Mariel of Redwall
- UK first edition cover
- Author: Brian Jacques
- Illustrator: Gary Chalk
- Cover artist: Pete Lyon
- Language: English
- Series: Redwall
- Release number: 4
- Genre: Fantasy novel
- Published: 1991 (Hutchinson (UK) & Philomel (US))
- Media type: Print (hardback and paperback)
- Pages: 390 (UK Hardback) & 387 (US Hardback)
- ISBN: 0-09-176405-X (UK Hardback) & ISBN 0-399-22144-1 (US Hardback)
- OCLC: 24742557
- Preceded by: Mattimeo
- Followed by: Salamandastron

= Mariel of Redwall =

1991 novel by Brian Jacques

Mariel of Redwall is a fantasy novel by Brian Jacques, published in 1991. It is the fourth book published and also the fourth chronologically in the Redwall series.

==Plot summary==

US cover of Mariel of Redwall

=== Book 1: The Maid from the Sea ===

The story opens with the Gabool the Wild, the nefarious King of Searats, standing at the top of a cliff, watching a small mousemaid struggling to stay afloat in the rough seas below. The pirate king returned to his fortress, Fort Bladegirt, where one of his captains named Bludrigg demanded a share of their most recent plunder. Gabool feigned an air of compliance, but swiftly beheaded Bludrigg. After this incident, he interrogated Joseph the Bellmaker and attempted to force him to build a tower for the enormous bell he captured. This fails, but Gabool was able to successfully persuade the Bellmaker to interpret the mysterious symbols on the bell in exchange for promises of a reunion with the latter's daughter. Gabool, technically upholding this promise, proceeds to shove the old mouse off of the cliff he had been watching the mousemaid being battered by the sea from before.

In the meantime, the mousemaid was rendered unconscious when a piece of flotsam struck her on the head.
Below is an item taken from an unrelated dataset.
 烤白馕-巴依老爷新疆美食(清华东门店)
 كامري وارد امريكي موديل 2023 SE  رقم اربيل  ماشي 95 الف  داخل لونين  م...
But miraculously, she survived, waking up after being washed ashore with a rope looped around her neck. Overwhelmed by thirst, the dazed mousemaid eventually found a small pool of fresh water. After successfully fending off a gull with her trusty rope and unsuccessful attempts to retrieve her forgotten identity, the amnesiac mouse named herself Storm Gullwhacker.

When weary Storm next awoke, she found herself surrounded by trident-wielding common toads, led by their disgruntled leader, Oykamon. The mousemaid launched an attack, but was readily overwhelmed and stabbed. She was rescued by Colonel Clary, Brigadier Thyme, and Hon Rosie, hares of the Long Patrol. They decided to bring Storm to Redwall, led by a reclusive, paranoid Eurasian red squirrel, Pakatugg.

At Terramort Isle, Saltar the corsair, brother of Bludrigg, arrived with the Darkqueen. Saltar dueled Gabool, but was treacherously killed in a trap. Immediately afterward, a report came in that Captain Greypatch had stolen the Darkqueen, Gabool's flagship. Gabool told his captains that whoever kills Greypatch will be made second-in-command of all searats. The power-hungry vermin scrambled to amass crew and ships in a bid to claim the reward.

==== Redwall ====
Storm and Pakatugg quickly found themselves at odds with their disharmonious personalities and they soon parted way. Storm attempted to find the way to Redwall by herself, meeting an eccentric hare named Tarquin L. Woodsorrel.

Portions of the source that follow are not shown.